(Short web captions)
----------------------------------------
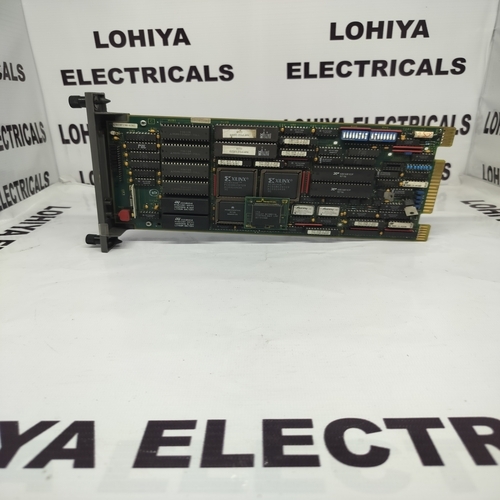 BAILEY IMMFP02 PROCESSOR MODULE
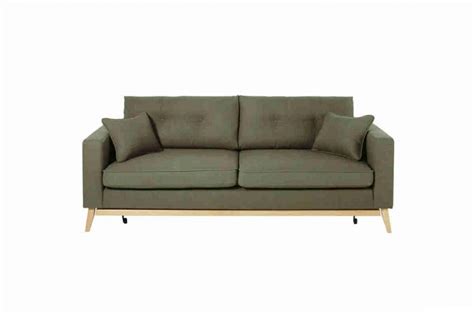 Maisons Du Monde Sofas Exclusive Models To Furnish The Living Room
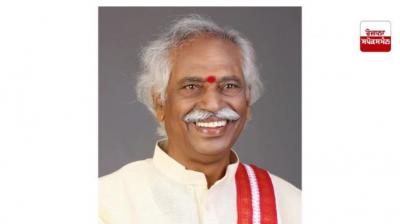 Chandigarh News: Haryana Governor Shri Bandaru Dattatreya will administer the oath.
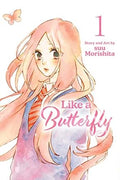 Like A Butterfly Vol 01 - MPHOnline.com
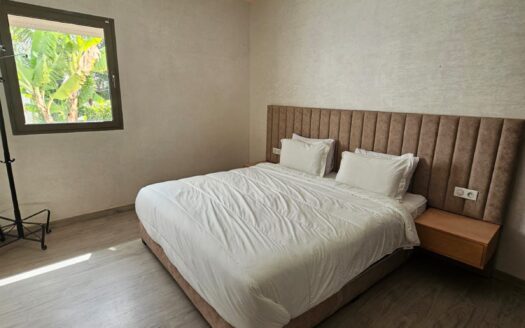 Studio taghazout bay – Résidence tamourrit avec piscine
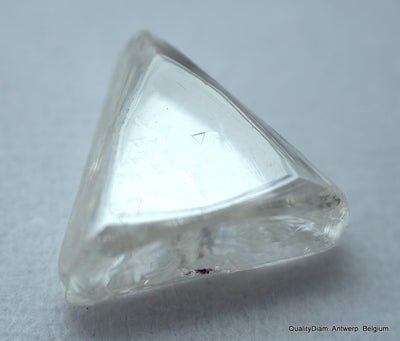 triangle shape diamond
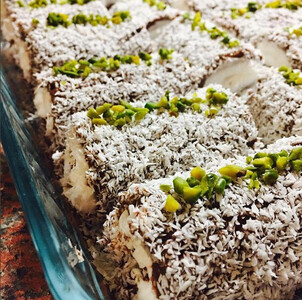 Ëmbëlsirë pallati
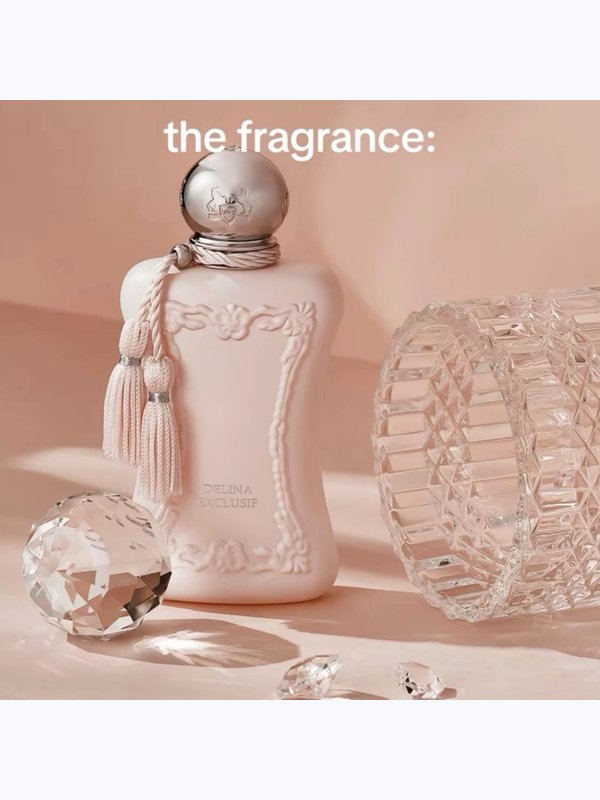 Parfums de Marly Delina Exclusif для женщин Духи
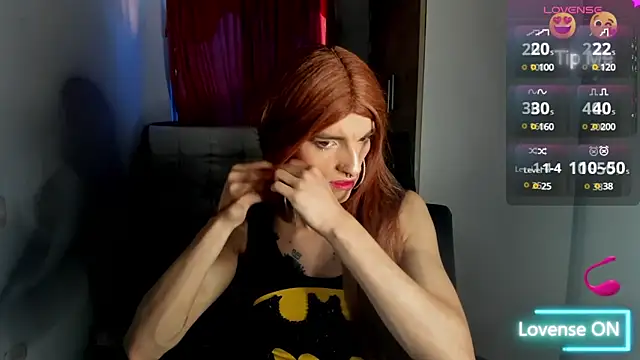 Snapshot of CharlotteWings chatting on January 27, 2025, 9:55 pm CharlotteWings online show from January 27, 2025, 9:55 pm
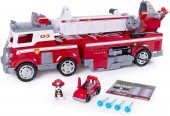 PAW Patrol Camionul de pompieri cu functii multiple 6043989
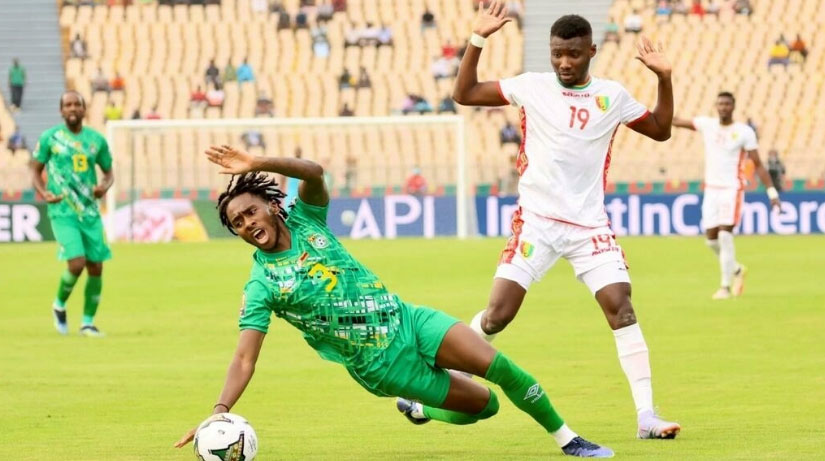 CAN-2022 : le Sénégal élimine la Guinée équatoriale et file en demi-finale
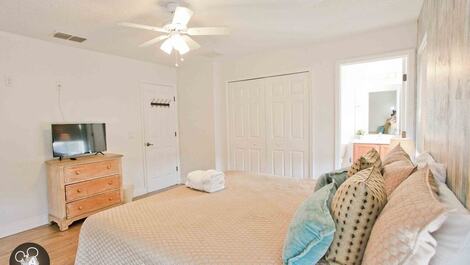 Casa de férias na Disney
----------------------------------------
*THE TASK*.
Starting with the line that contains "CAN-2022 : le", print every line through the end of the data exactly as written; omit all pictures and add nothing else.

*ANSWER BOX*.
 CAN-2022 : le Sénégal élimine la Guinée équatoriale et file en demi-finale
 Casa de férias na Disney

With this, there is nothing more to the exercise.